H&M Group, which also owns brands like Other Stories and Monki, is working towards an overarching vision of becoming a “fully circular” business by 2030.

It is a member of the Ellen Macarthur Foundation’s ‘Make Fashion Circular’ initiative, which covers all parts of the value chain, from design to end-of-life, and also encompasses the Foundation’s third and final circular economy principle – nature restoration.

But, like many other fast-fashion chains, it has come under increasing pressure from green groups and consumers to produce fewer products and extend the lifecycles of the clothes, shoes and accessories it sells.

Online Retailer Zalando Plans to Achieve Sustainability Flag for 60,000 Products

Online fashion retail platform Zalando announced this that it now has more than 60,000 items with ‘sustainability flag’ labelling, up from 27,000 this time last year.

Flags are awarded to products with at least one characteristic that makes them more environmentally friendly than others in their category, such as the use of recycled, organic or regenerative materials.

Pre-owned items are also flagged up. Zalando said in a statement that four in ten of its customers are now opting for items with a flag.

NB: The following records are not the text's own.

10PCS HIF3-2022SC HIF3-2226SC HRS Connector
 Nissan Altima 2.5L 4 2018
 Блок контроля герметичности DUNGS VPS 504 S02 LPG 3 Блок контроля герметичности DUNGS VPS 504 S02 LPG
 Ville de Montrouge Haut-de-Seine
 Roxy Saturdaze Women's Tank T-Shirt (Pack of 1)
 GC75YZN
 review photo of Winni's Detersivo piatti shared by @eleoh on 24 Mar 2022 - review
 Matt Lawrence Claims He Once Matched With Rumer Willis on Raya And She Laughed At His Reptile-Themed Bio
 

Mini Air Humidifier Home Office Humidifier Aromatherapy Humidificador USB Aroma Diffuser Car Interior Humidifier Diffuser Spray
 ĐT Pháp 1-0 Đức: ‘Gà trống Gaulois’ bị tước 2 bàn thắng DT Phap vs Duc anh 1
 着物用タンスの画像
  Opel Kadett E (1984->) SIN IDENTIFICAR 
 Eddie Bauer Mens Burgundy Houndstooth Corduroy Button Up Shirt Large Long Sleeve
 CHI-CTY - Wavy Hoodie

“In a recent internal survey, 34% of our customers said that in light of the coronavirus pandemic, sustainability has become more important to them,” Zalando’s chief executive Rubin Ritter said.

“With this major shift in mindset, there is a demand and momentum for change, and a need for the fashion industry to transform. Together with our partners, we want to be the engine for this change and enable our customers to make more sustainable choices even more easily.”

Zalando has set out a string of sustainability commitments over the past year.

It has bolstered a commitment to carbon-neutral operations with science-based climate targets and an estate-wide solar panel and green buildings scheme.

To improve its assessments for the sustainability flag labelling scheme and to encourage third-party brands to beef up their own environmental approaches, the business has signed up to the Sustainable Apparel Coalition (SAC) to sustainability assessments mandatory for its private labels and partner brands sold on its platform.

Lenzing Launches carbon-zero TENCEL™ branded fibers

The TENCEL™ brand is now going carbon neutral with a “reduce-engage-offset” approach, which helps to reduce the product’s carbon footprint, engage industry partners and offset unavoidable emissions to drive decarbonization in the textile industry.

The new carbon-zero TENCEL™ branded lyocell and modal fibers, certified as CarbonNeutral® products will contribute to lower carbon emissions and energy consumption across the supply chain.

As part of Lenzing’s longer-term “true carbon zero” campaign, four key levers will be deployed to cover energy reduction, renewable energy, new technology and supplier engagement to achieve carbon-zero in the long run.
Following the strict guidelines of The Carbon Neutral Protocol means that the emissions associated with the fibers’ production, manufacturing and distribution have been calculated and offset. Under the guidance of the TENCEL™ “true carbon zero” campaign.

Lenzing’s goal is to reduce its specific greenhouse gas emissions by 50% by 2030. Biodegradable and derived from botanic origin, fabrics produced using carbon-zero TENCEL™ fibers will have a third party verified label, the fibers will also feature the functional benefits of standard TENCEL™ branded fibers including gentleness on the skin, long-lasting softness, silky smoothness, enhanced breathability and color retention.